## Required work
With the pictures omitted, print exactly the lines below, from the one containing "Talk to your doctors" through the one containing "Hi, I'm Heather", and nothing else.

## Data listing
►

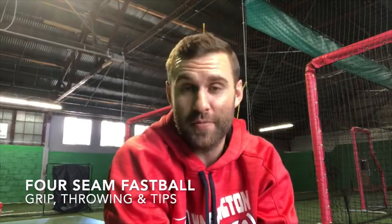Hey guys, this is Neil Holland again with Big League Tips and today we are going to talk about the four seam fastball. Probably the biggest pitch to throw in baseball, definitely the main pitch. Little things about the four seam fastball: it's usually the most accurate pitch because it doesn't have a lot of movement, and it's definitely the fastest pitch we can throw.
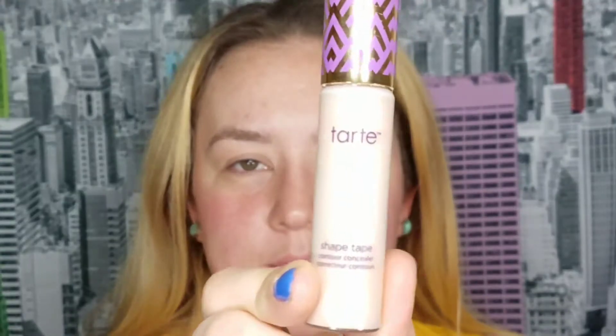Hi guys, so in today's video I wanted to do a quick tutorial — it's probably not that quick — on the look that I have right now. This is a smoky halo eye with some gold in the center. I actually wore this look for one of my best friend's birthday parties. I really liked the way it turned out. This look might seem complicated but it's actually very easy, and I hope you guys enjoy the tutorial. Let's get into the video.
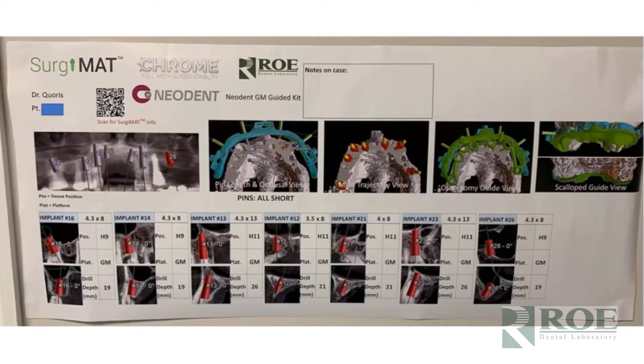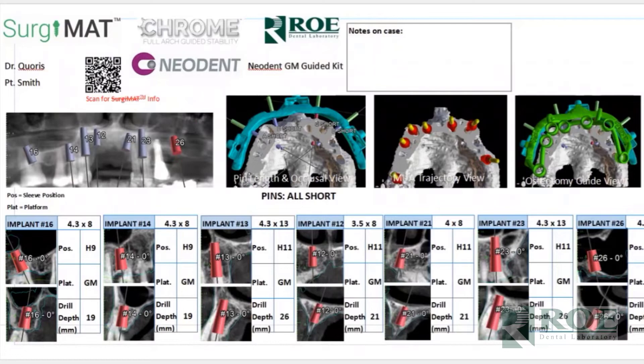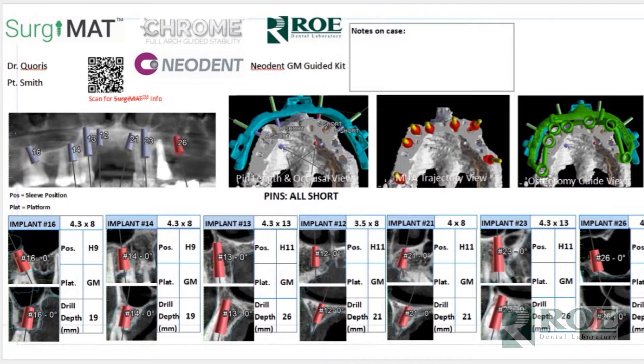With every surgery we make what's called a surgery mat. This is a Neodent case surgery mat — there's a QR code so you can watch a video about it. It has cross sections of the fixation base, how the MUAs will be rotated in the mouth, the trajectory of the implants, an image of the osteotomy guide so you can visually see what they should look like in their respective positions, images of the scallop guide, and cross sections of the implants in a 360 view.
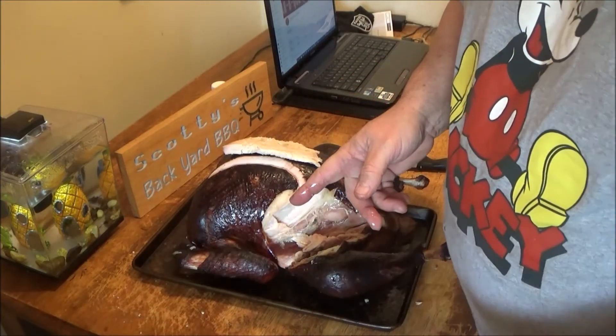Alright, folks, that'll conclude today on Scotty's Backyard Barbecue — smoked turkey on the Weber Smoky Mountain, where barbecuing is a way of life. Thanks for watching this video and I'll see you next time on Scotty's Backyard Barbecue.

◄
►

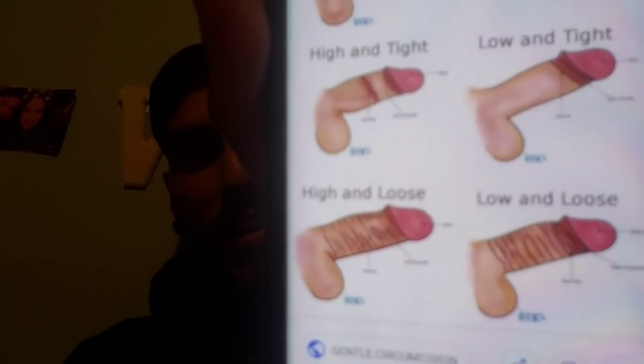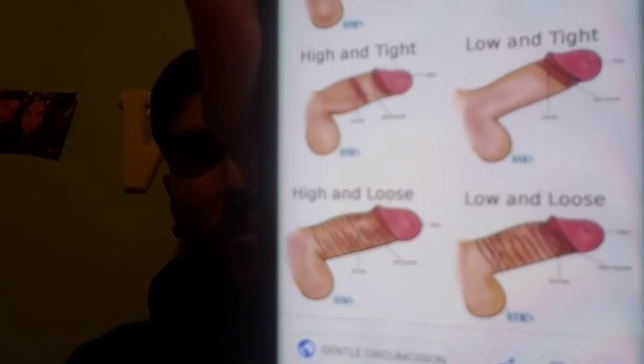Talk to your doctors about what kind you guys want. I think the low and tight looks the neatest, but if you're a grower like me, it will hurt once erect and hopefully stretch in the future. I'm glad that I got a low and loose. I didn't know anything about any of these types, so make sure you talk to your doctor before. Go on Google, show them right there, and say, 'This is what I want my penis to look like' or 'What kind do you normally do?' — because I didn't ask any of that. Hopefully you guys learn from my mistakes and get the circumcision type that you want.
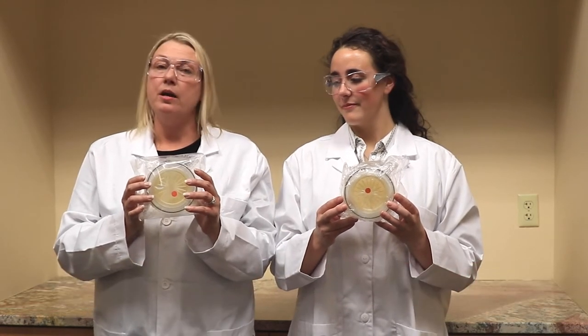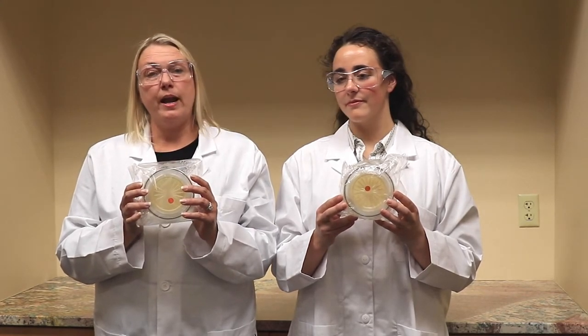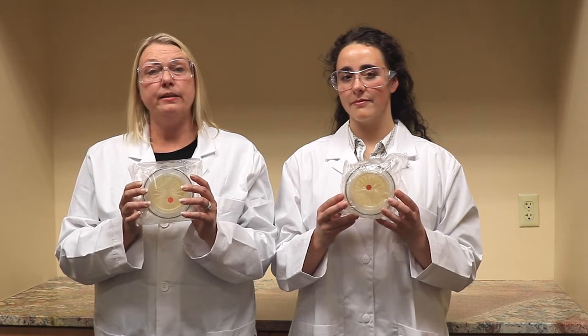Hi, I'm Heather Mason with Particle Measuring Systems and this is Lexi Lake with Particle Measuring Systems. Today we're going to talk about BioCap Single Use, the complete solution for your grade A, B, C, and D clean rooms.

◄

## Answer to this task
Talk to your doctors about what kind you guys want. I think the low and tight looks the neatest, but if you're a grower like me, it will hurt once erect and hopefully stretch in the future. I'm glad that I got a low and loose. I didn't know anything about any of these types, so make sure you talk to your doctor before. Go on Google, show them right there, and say, 'This is what I want my penis to look like' or 'What kind do you normally do?' — because I didn't ask any of that. Hopefully you guys learn from my mistakes and get the circumcision type that you want.
Hi, I'm Heather Mason with Particle Measuring Systems and this is Lexi Lake with Particle Measuring Systems. Today we're going to talk about BioCap Single Use, the complete solution for your grade A, B, C, and D clean rooms.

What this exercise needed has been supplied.